(Image-caption web data)
= Beginning of Section =
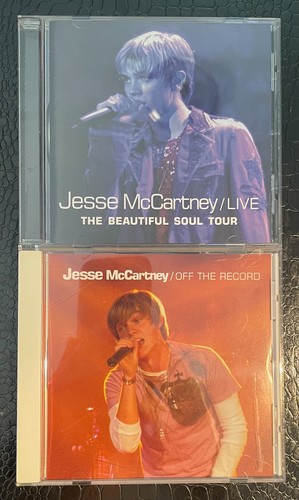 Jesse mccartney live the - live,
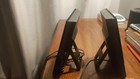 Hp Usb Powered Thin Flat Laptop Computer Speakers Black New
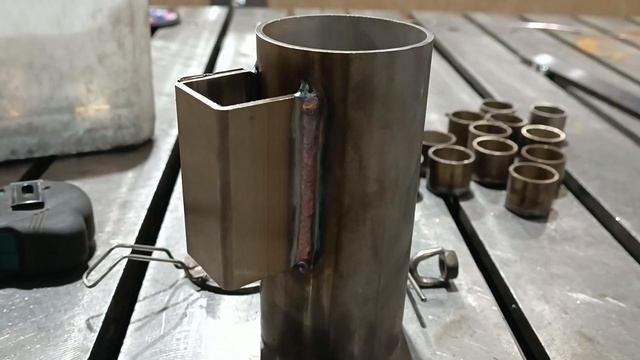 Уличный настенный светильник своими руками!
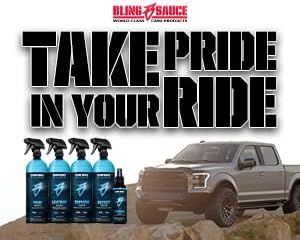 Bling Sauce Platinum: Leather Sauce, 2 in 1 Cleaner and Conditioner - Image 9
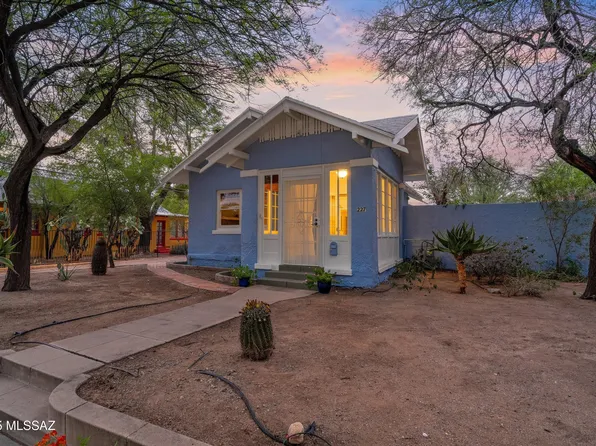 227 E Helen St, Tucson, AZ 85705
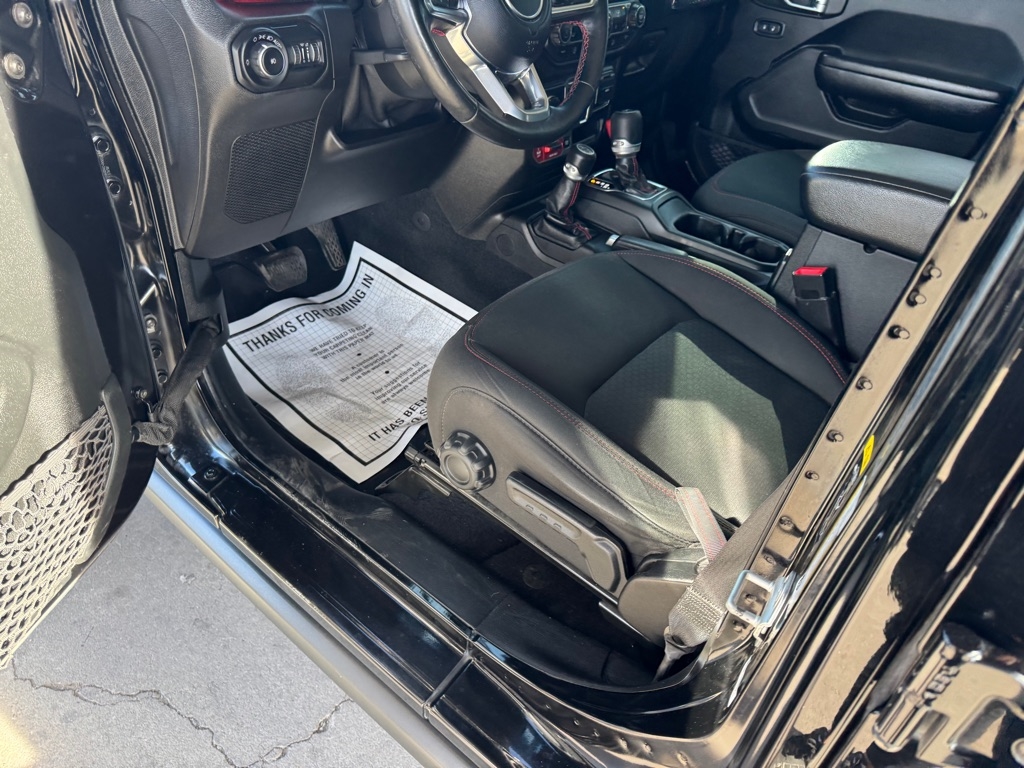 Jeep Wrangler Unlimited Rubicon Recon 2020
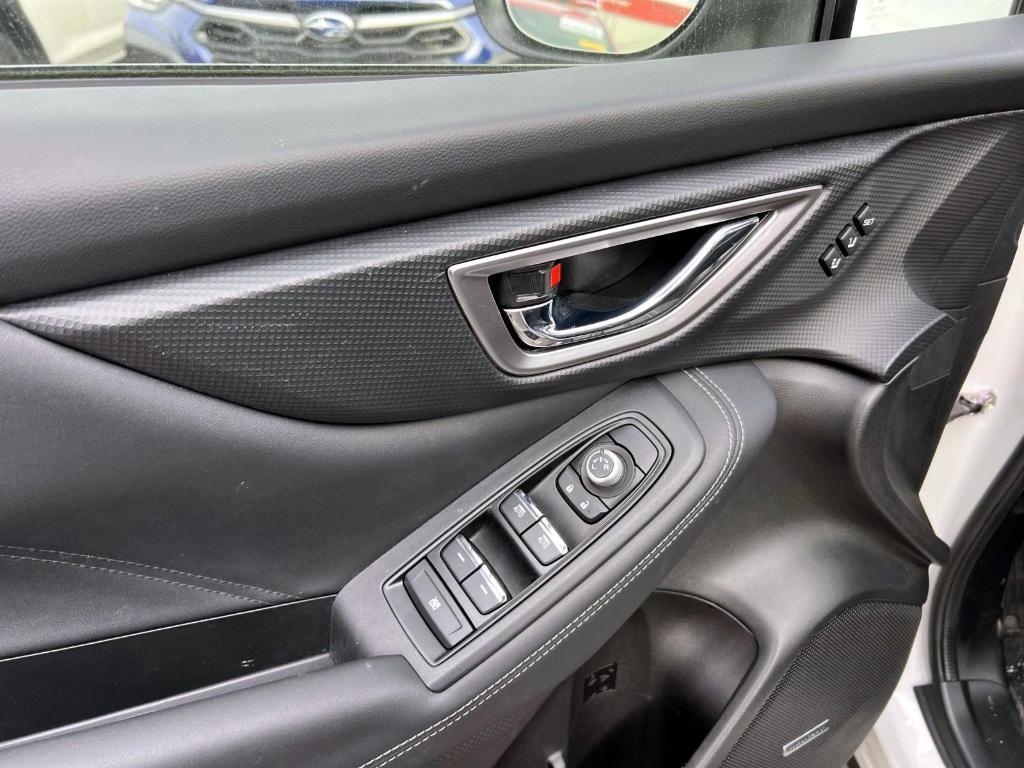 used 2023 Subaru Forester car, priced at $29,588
= End of Section =
Would you reproduce the lines above exactly, without carrying over the pictures?

 Jesse mccartney live the - live,
 Hp Usb Powered Thin Flat Laptop Computer Speakers Black New
 Уличный настенный светильник своими руками!
 Bling Sauce Platinum: Leather Sauce, 2 in 1 Cleaner and Conditioner - Image 9
 227 E Helen St, Tucson, AZ 85705
 Jeep Wrangler Unlimited Rubicon Recon 2020
 used 2023 Subaru Forester car, priced at $29,588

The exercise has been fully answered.